Just installed Zorin 18 and Steam and I was just wondering why some games are running and some not.
While "Transport Fever 2" and "Depraved" are running just fine, "Foundation" and "Dawn of Man" are not starting. It says "Compatibility tool failed". I tried to use Proton Hotfilx and Proton Experimental but nothing helped.
Is Steam installed as Flatpak or .deb Package? If it is Flatpak, I would suggest to try it with the .deb Version:
And could You post Your Hardware Specs? And does Your System run in Wayland or X11? You can check that with the Terminal Command echo $XDG_SESSION_TYPE
@Ponce-De-Leon I installed Steam as .deb and I'm using X11.
I try Zorin on my old machine. Intel Core i7 7700K, nvidia GTX 1080, 32 GB RAM
In the meantime I have re-installed Steam. Important to say... now the situation is different. If I install the previously not runing games on the local drive, they are working just fine. If I install them on the secondary SSD they won't start, no error message at all.

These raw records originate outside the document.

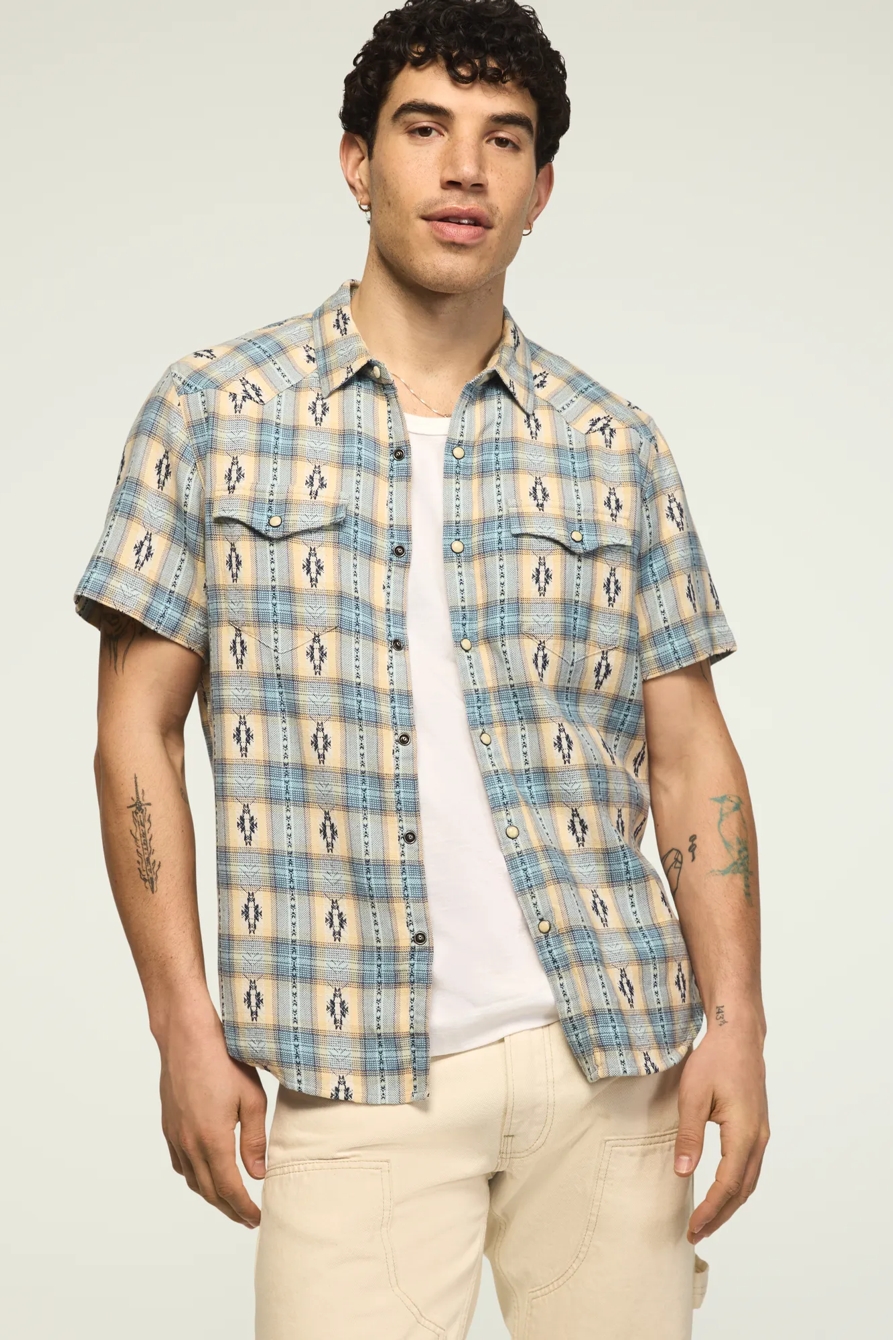 SHORT SLEEVE MESA WESTERN JACQUARD SHIRT — BLUE PLAID — image 2
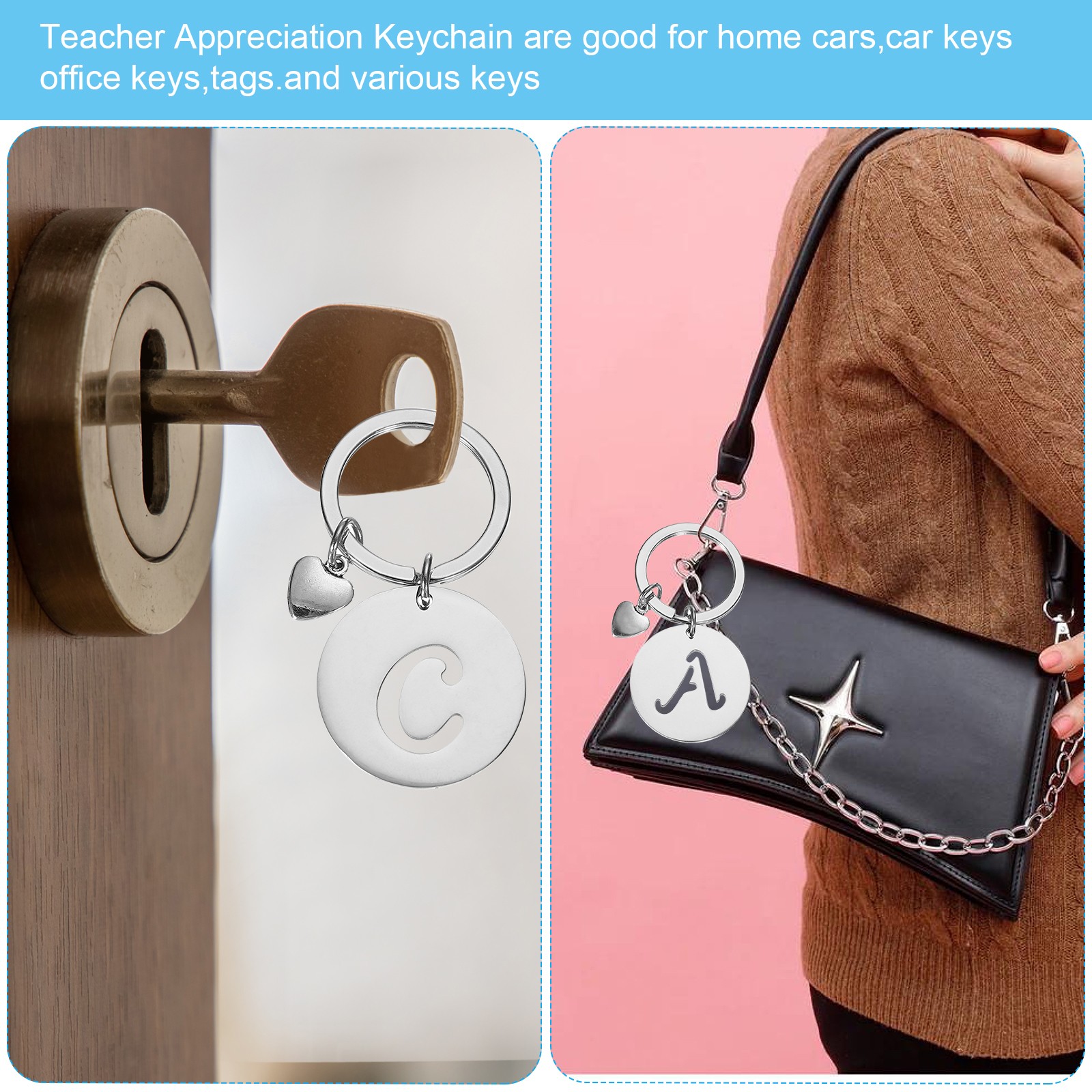 Initial Letter KeyChain, Disc Letter A-Z Heart Charm Keyring, Silver (P)
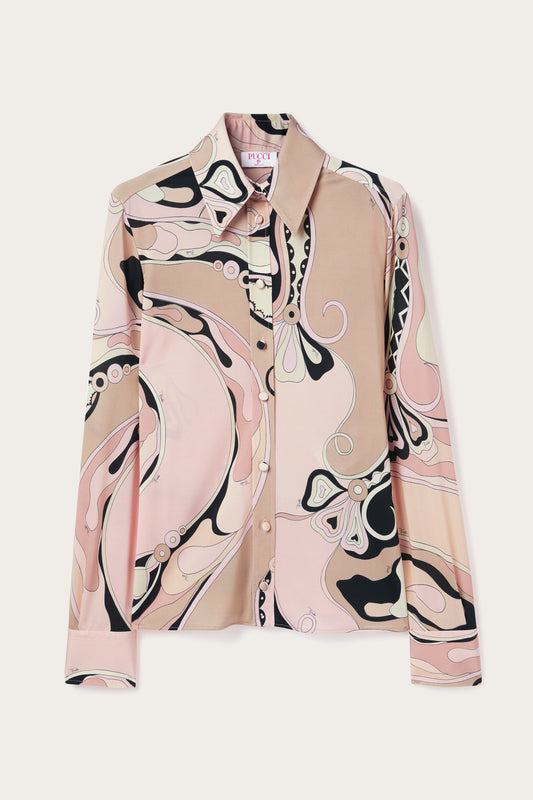 Camicia Aderente in Stampa Orchidee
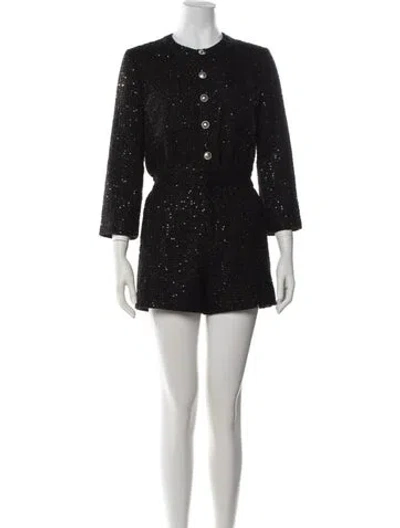 Pre-owned Maje Patterned Crew Neck Romper In Black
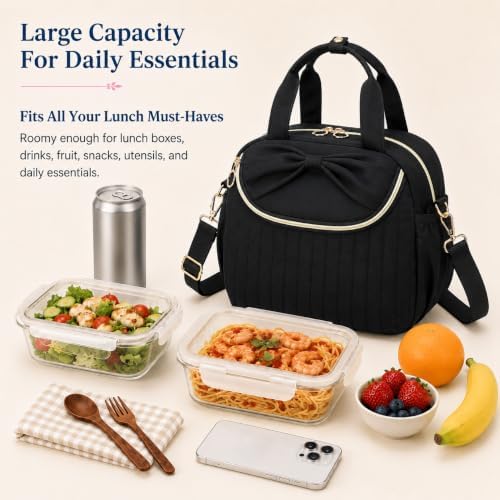 Bluboon Lunch Box for Women Cute Lunch Bag Reusable Insulated Lunch Bags Large Capacity Lunchbox Cooler for Work Picnic or Travel Gifts (Large Bow Solid Black, 10 x 7.5 x 8 inches)
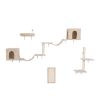 Wall-mounted Cat Tree, Cat Furniture with 2 Cat Condos House, 3 Cat Wall Shelves, 2 Ladder, 1 Cat Perch, Sisal Cat Scratching Posts and Pad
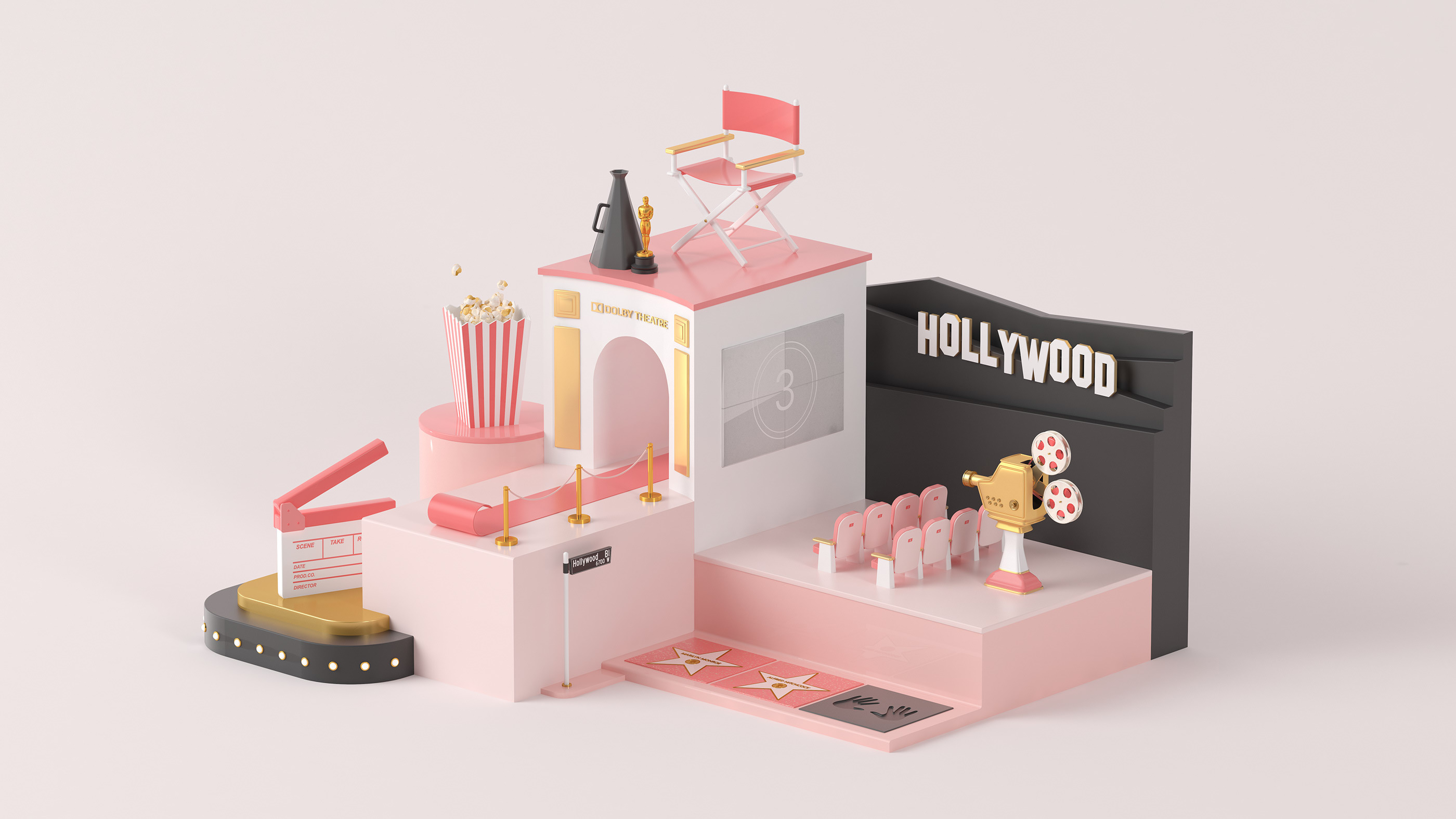 Hollywood | 3D Art 3d 3d art cinema cinema 4d hollywood popcorn walk of fame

With Flatpak Steam, it doesn't come with Proton-GE. You have to put a checkmark in the Proton-GE box, located on the Steam install page in the software center.
On another computer running POP OS, it doesn't even have the Proton installs, located on the Steam install page in its software center, and unless I'm mistaken, they install the DEB version.
The tool might be necessary to install Proton-GE for the OP, otherwise, why else are they asking how to install Proton. Also, there are a couple of tools in the software center, for managing Proton's, not just that one. There is also ProtonPlus.
At the end of the day, use whatever you need, to install what you need.
Steam offers only Valve's Proton. GE-Proton is by the same fellow who created Nobara Linux, and some games won't work without it. Diablo 4 initially required GE-Proton (then called Proton-GE, don't ask me why they moved the GE). Just today I actually hit a game that hung after the logos with Valve's Proton versions, but swapping in GE-Proton solved the issue.
It's pretty normal for Valve to eventually get those games running on their own version of Proton after which GE is no longer needed. (Again, Diablo 4. I think. I actually don't have it via Steam, but via Battle.net, so I can't confirm.)
Makes sense. The time period when I knew it didn't was right at launch, before I'd even switched to Linux. Rock Paper Shotgun had a guide on getting it working on a Steam Deck, and it required ProtonUp-Qt as above.